> [What the exercise asks]
Where the lines below hold images, skip those and copy every word exactly.

> [Given material]
++++

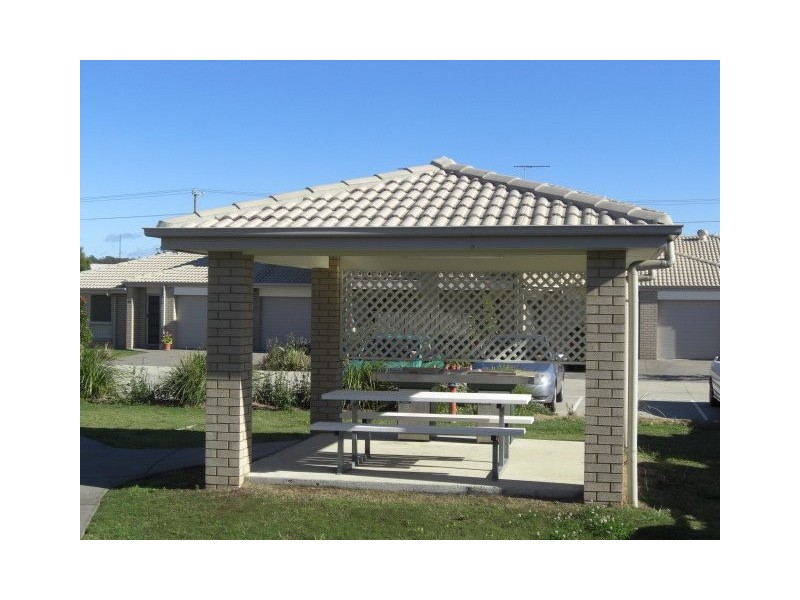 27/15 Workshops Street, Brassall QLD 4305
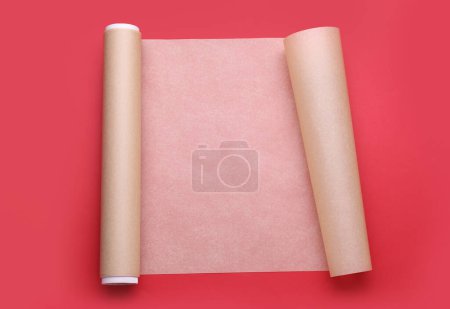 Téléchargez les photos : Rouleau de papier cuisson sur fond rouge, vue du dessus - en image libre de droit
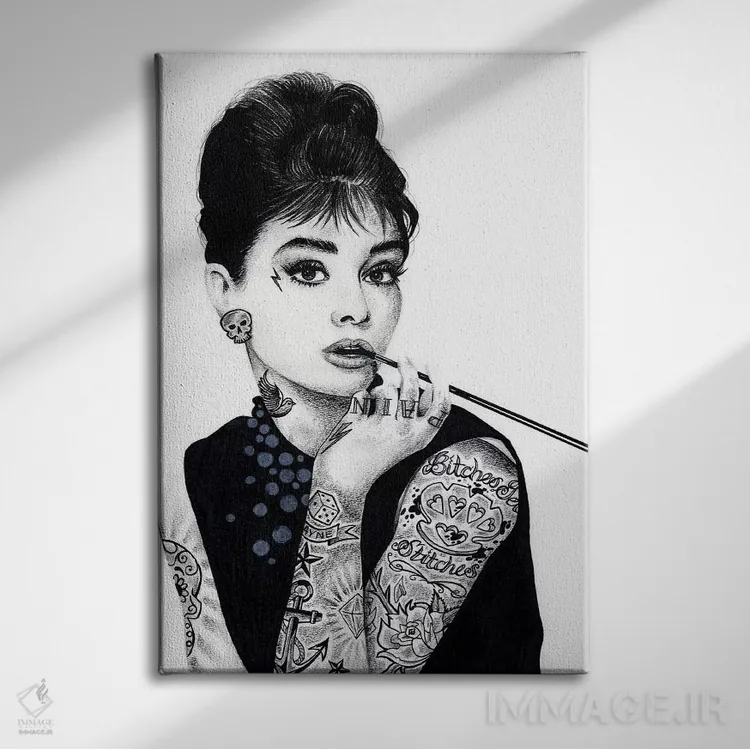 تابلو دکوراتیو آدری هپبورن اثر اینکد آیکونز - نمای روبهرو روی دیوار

++++

> [Exercise result]
 27/15 Workshops Street, Brassall QLD 4305
 Téléchargez les photos : Rouleau de papier cuisson sur fond rouge, vue du dessus - en image libre de droit
 تابلو دکوراتیو آدری هپبورن اثر اینکد آیکونز - نمای روبهرو روی دیوار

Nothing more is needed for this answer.